Non ne parlo specificamente per il suo contenuto. Il fatto è che nello strano dibattito in corso in Gran Bretagna questo documentario è stato considerato politicamente controverso. La Bbc prima ha tirato per le lunghe la decisione sulla sua programmazione, poi ha deciso di tagliarlo e infine ha stabilito che la messa in onda dovesse essere accompagnata da un dibattito in studio dove gli antieuropei fossero predominanti. Questo avrebbe garantito la par condicio. Il dibattito è stato registrato all’inizio della settimana, il giorno in cui è uscito il sondaggio di YouGov.
Ora, perché c’è questa disconnessione tra il dibattito politico e nei media e le preoccupazioni e i punti di vista della gente comune?

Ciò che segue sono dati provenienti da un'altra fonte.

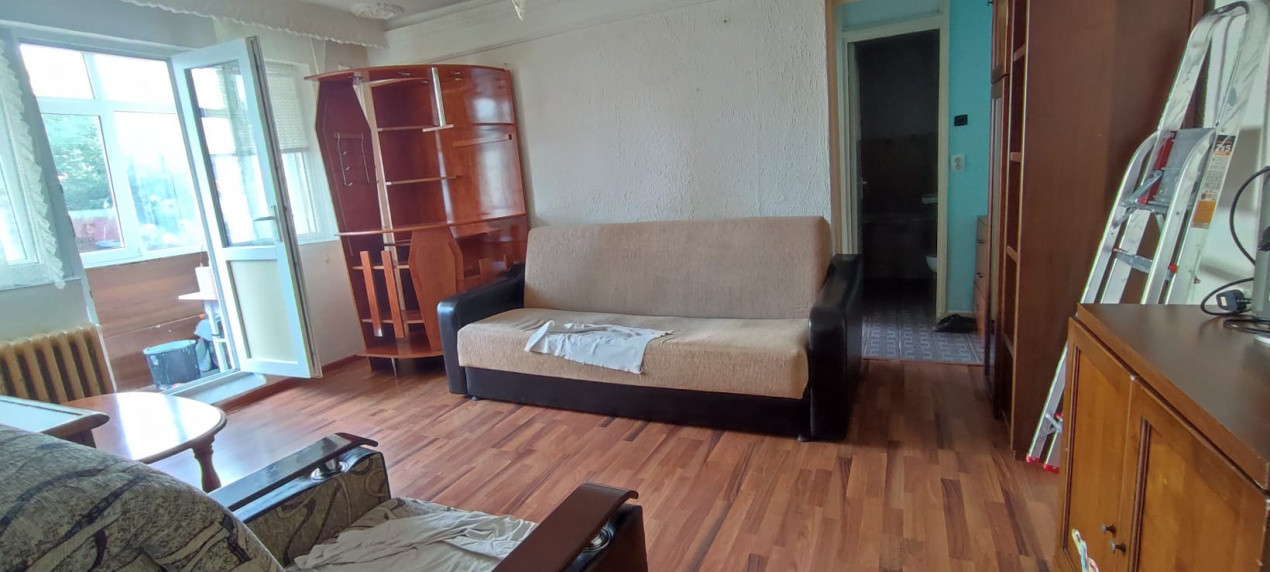 Milcov, apartament cu doua camere, aproape de statiile de autobuz, 250 euro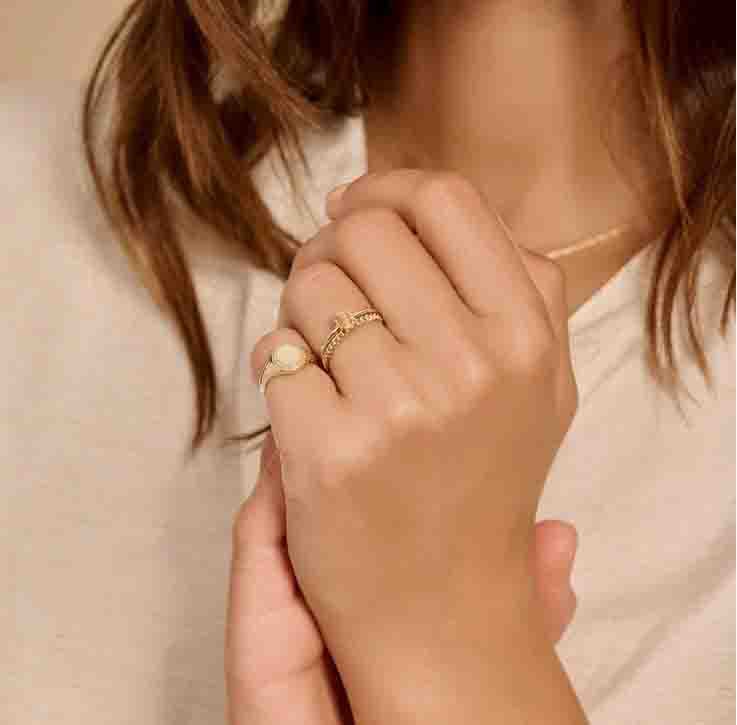 Blush Blush Zegelring 1205YGO/54 14k Geelgoud met Motief Maat 54 Goud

Anche se le opinioni dei votanti hanno molto fluttuato in questi ultimi anni, un fatto resta certo: hanno sempre ritenuto che l’Europa fosse un argomento relativamente poco importante rispetto alle loro principali preoccupazioni riguardo al lavoro, alle tasse o anche all’immigrazione.
Penso che stia accadendo questo, i politici faticano ad affrontare questi temi reali, che sono difficili da risolvere. Per loro è più facile discutere dell’Unione europea perché è un’istituzione straniera, aliena che può essere incolpata di ogni genere di cose - comprese le preoccupazioni della gente per il lavoro o l’immigrazione.
Una conseguenza è che la Gran Bretagna ha perso molta della sua influenza sulla Ue, gran parte della sua leadership, come altri possono comprendere dal nostro dibattito. Un’altra conseguenza è che il dibattito sull’Europa durante la campagna elettorale sarà sempre più scollegato dalla realtà.